Owned by the NextRadioTV group, the channel began as an offshoot of BFM Radio, which dealt exclusively with business and the economy. And today BFMTV has a sister television channel BFM Business which does the same.

Commentators from BFM Business appear regularly on BFMTV, delivering their brand of market-led economic analysis.

This may not sound exceptional. But in France economic coverage tends to come from the opposite perspective - the state sector and workers taking precedence over private enterprise.

Image source, AFP
Image caption,
Air France pilots grounded more than half of the company's fleet when they went on strike in September

The question arises: given this underlying pro-business message, does BFMTV's popularity reflect a changing view among the French - a growing appreciation perhaps of economic reality?

"Yes I think it does," says Ferjou. "It's not that the French have become free marketeers. Far from it.

"But they are not stupid either.
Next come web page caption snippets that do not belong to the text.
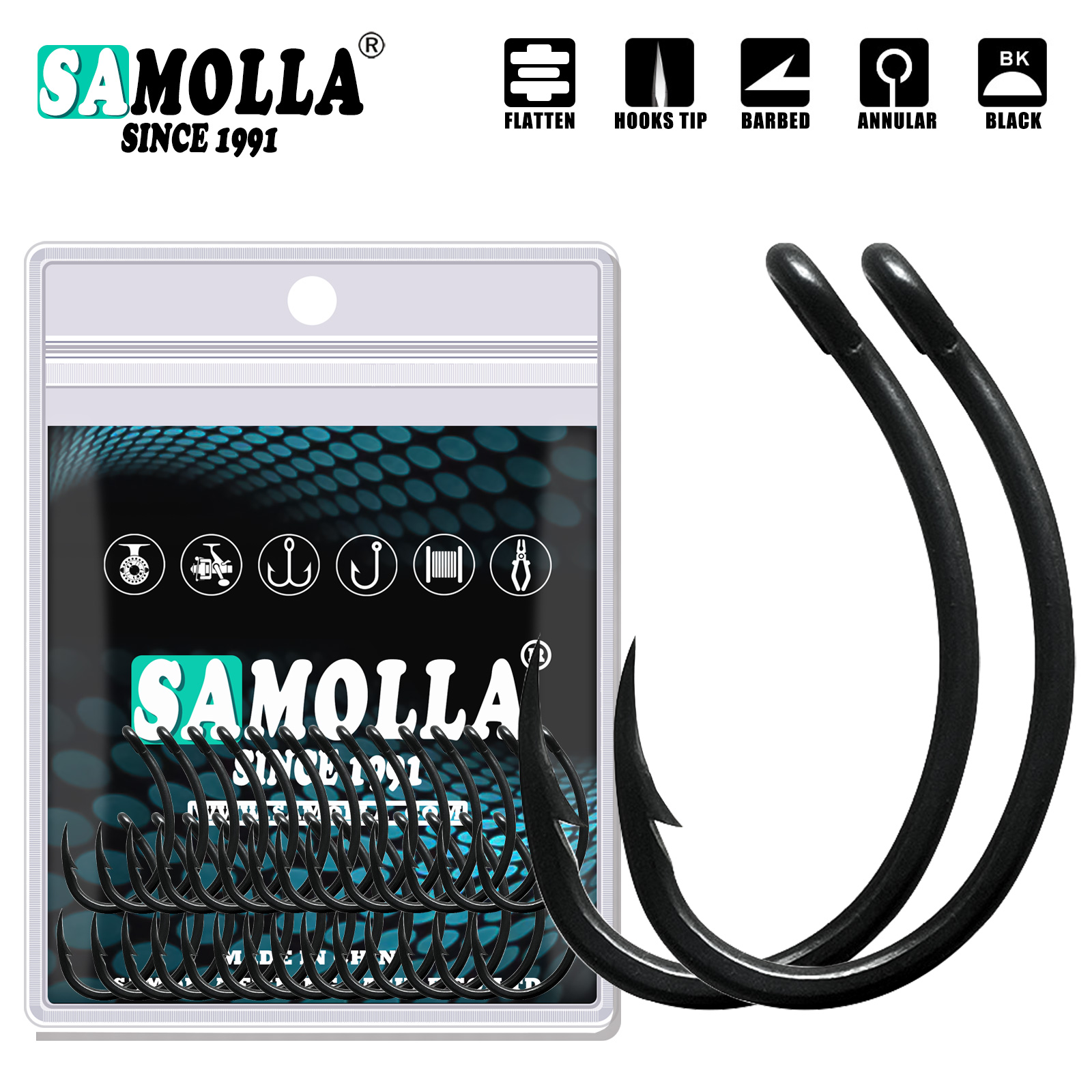 잉어 낚시 후크 PTFE 코팅 고탄소 스테인레스 스틸  - Fishing Hook Offset 리뷰 및 가격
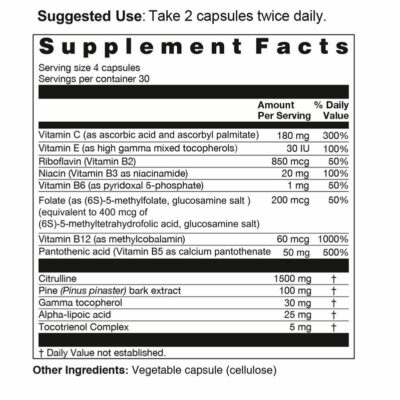 Citrulline Cofactors Supplement Facts Panel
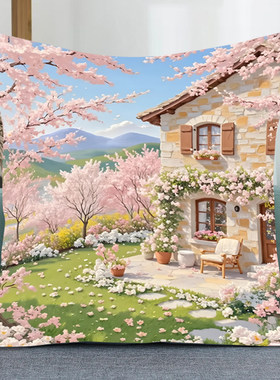 粉色唯美桃花风景十字绣2026新款满绣diy解闷手工小件刺绣抱枕套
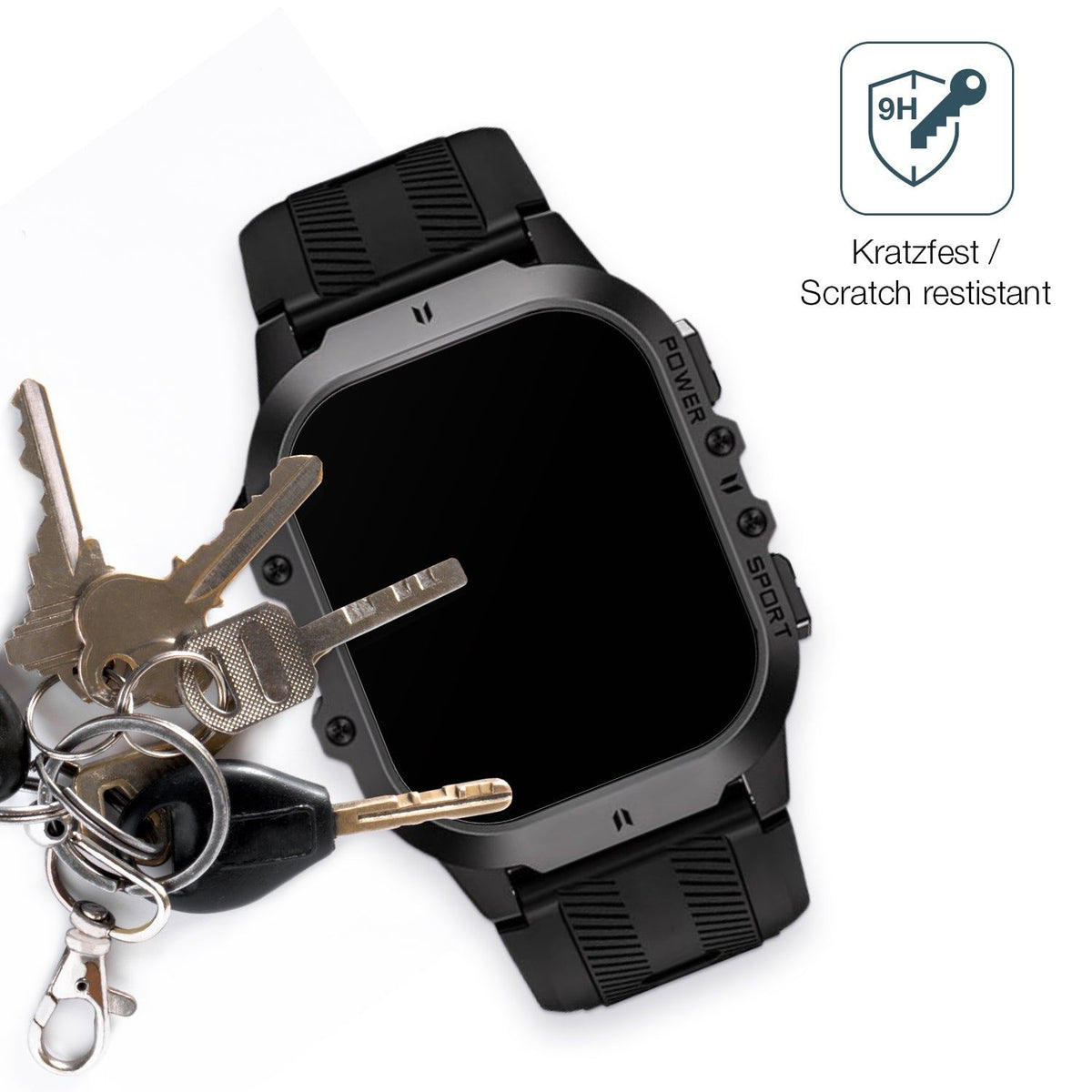 2x Screen Protector for Tesofit Smartwatch 1.85 Zoll matte Flexible Glass 9H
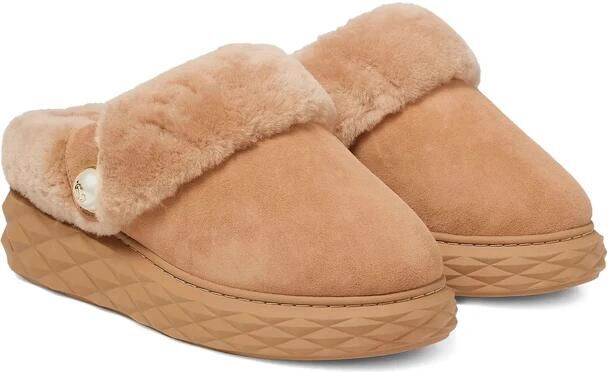 Jimmy Choo Bruine Bont Trim Platform Schoenen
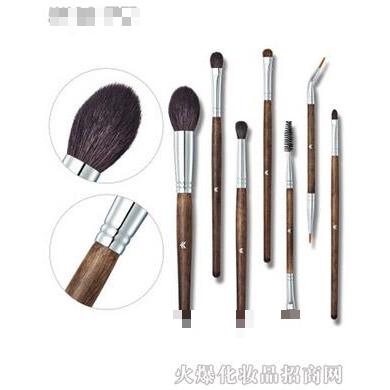 HUAMIANLI花面狸美妆高品质实木柄动物毛7支化妆套刷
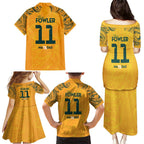 Mary Fowler Australian Matildas Family Matching Puletasi and Hawaiian Shirt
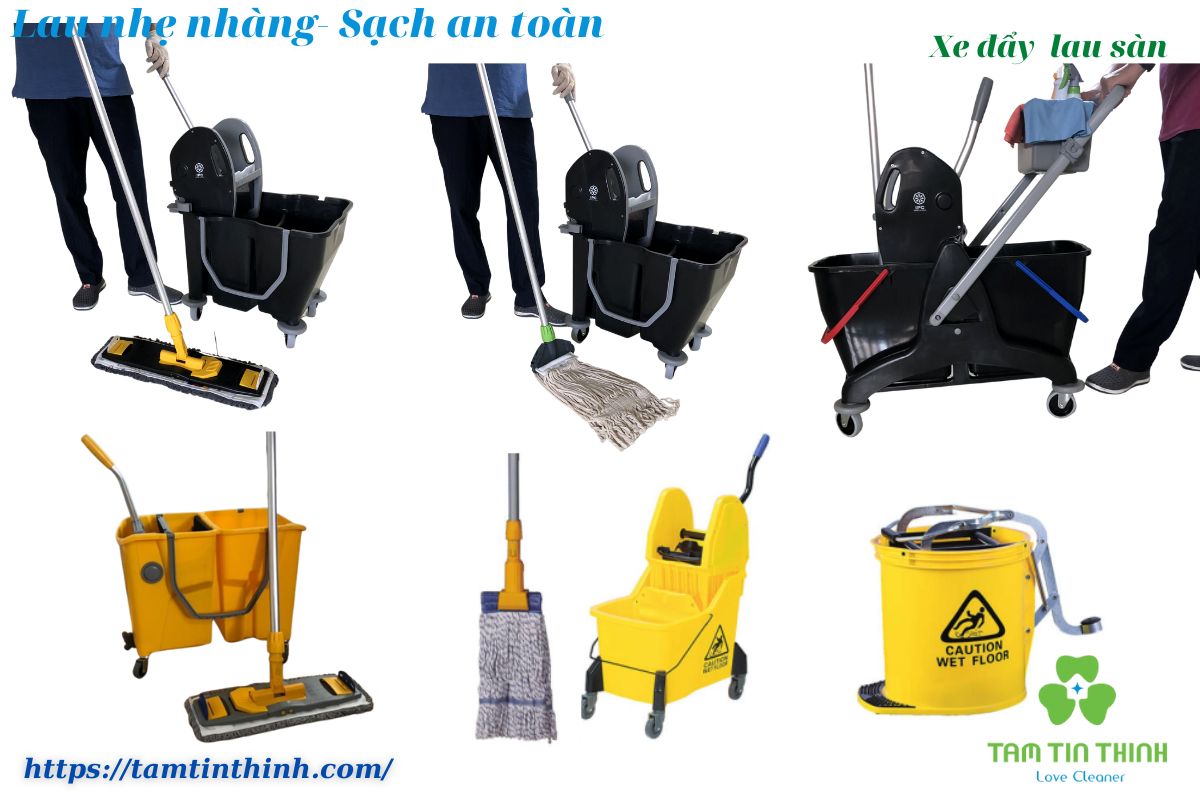 Xe đẩy dọn vệ sinh dùng trong Khách Sạn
Common sense dictates that after the crisis of the last six years - and confronted by the total failure of governments to turn the situation around - people lose faith in the state.

"This is a big change in France because we are a country that was built by the state and in which the state plays a huge part in the collective mind. But people no longer think it can save them."

In the BFMTV newsroom Apolline de Malherbe says much the same.

"I am of a generation that has never known anything except high unemployment. And yet every government has repeated the mantra about how they will bring it down. The end result is that people like me have totally lost trust in our elites. We have been so completely let down.

"Today my generation is apolitical. We are realists. There is only one question: does it work? And if it does, we'll take it. That's how I see my job at BFMTV - finding out what is going to work to get France out of its mess."